The SaaS Doom Bubble
According to the stock market, SaaS is legacy technology. Some SaaS companies do have an AI problem, for most, AI is just another feature.
One notable feature of the AI bubble is how disconnected the markets are from day-to-day corporate reality. Random tech stocks keep on being hit because of the latest AI advancements. Every week sees a new model or tech demo from a leading AI lab. The highlighted capability often competes with a range of existing SaaS solutions, which it is claimed to replace. Investors panic. Dumping the shares of unrelated SaaS companies, including vendors such as Salesforce which are used internally by the leading AI labs.
AI has resulted in a new wave of tech startups, many of which compete directly with the leading SaaS companies.
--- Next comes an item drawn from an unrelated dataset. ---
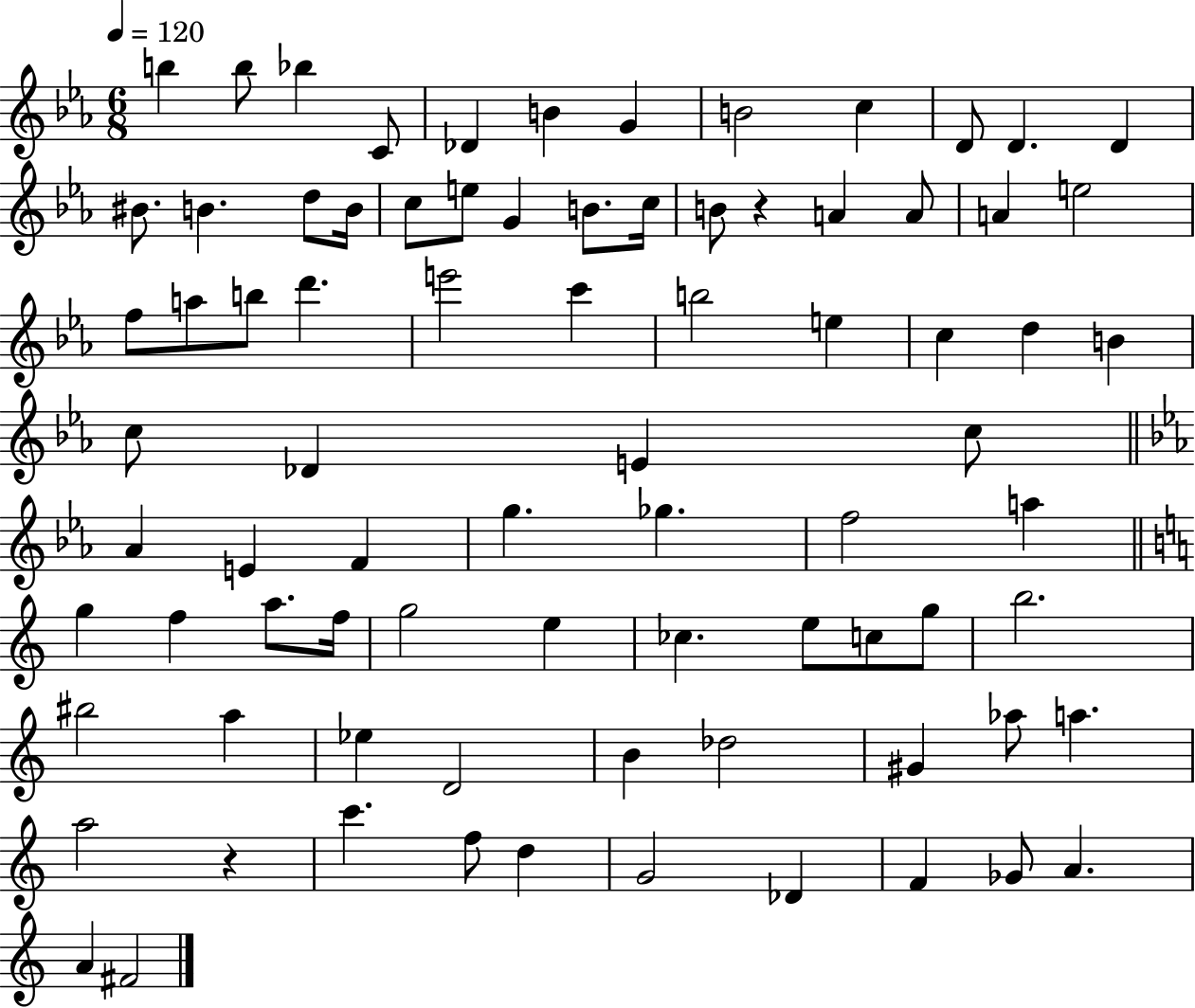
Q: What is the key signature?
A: EES major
The likes of Clay and 11x offer to replace traditional sales automation tools. While some existing vendors such as Qualified have gained new relevance from the technology. Yet, forget the legacy players. Investors are acting as if all these firms will also be replaced by vibe coded in-house solutions. More likely, they will be absorbed by incumbent vendors such as Salesforce. Following on from the CRM giant’s purchase of Qualified at the end of last year.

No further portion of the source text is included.